In the journal itself, a series of editorials written by PRL editors and guest editors will discuss some of the issues associated with publishing the journals, both in the past and today. Alternating with the editorials, PRL will print essays on the history of physics covered in PRL. Approximately one editorial or essay will appear every other week.
There are several motivations for these activities in celebration of PRL’s 50th anniversary, said PRL Managing Editor Reinhardt Schuhmann. “It’s great for outreach, both to thank referees and contributors, and also to raise the profile of the journal,” he said. “I think the main reason to do it is because it’s actually very interesting to look back and to think about what issues we were facing in the early days of PRL,” he said.
Schuhmann said he had noticed several things that struck him in looking through previous editorials. For instance, on PRL’s 25th anniversary, an editorial stated that Sam Goudsmit’s “revolutionary idea” had been replacing hot metal type and letterpress printing with “cold” type and offset photolithography. “It’s not really what we think of as the revolution of PRL now,” said Schuhmann. However, while cold vs. hot type is no longer an issue, response to changing technology is always relevant for the journals.

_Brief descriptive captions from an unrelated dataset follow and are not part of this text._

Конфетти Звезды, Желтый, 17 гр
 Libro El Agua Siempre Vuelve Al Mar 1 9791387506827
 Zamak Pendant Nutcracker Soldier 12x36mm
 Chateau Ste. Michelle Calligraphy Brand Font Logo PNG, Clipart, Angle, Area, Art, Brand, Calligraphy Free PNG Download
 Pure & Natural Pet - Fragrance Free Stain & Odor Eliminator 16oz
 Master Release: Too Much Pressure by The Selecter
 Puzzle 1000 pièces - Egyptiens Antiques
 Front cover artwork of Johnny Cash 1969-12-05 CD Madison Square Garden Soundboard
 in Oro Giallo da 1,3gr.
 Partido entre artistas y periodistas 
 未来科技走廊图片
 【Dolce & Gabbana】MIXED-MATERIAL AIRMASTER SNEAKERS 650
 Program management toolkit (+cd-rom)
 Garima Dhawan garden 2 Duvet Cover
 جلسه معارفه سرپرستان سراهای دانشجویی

A special website (http://prl.aps.org/50years), to be launched in early January, will also provide additional content and features for the 50th anniversary year. The site will include a timeline highlighting important events in the history of the Physical Review journals, with other events included for context. In addition, each week in 2008, the website will feature a few milestone Letters from each year of the journal’s existence, starting with 1958. These entries will be compiled by former Editor-in-Chief Marty Blume, and will each include a short description of the paper and explain its significance.
Along with these enhancements for the 50th anniversary, some longer-lasting changes are underway with the Journal Innovations Initiative. “We’re revamping our journal websites in general,” said PRL Associate Editor Sami Mitra, who is working on journal innovations as well as the 50th anniversary website.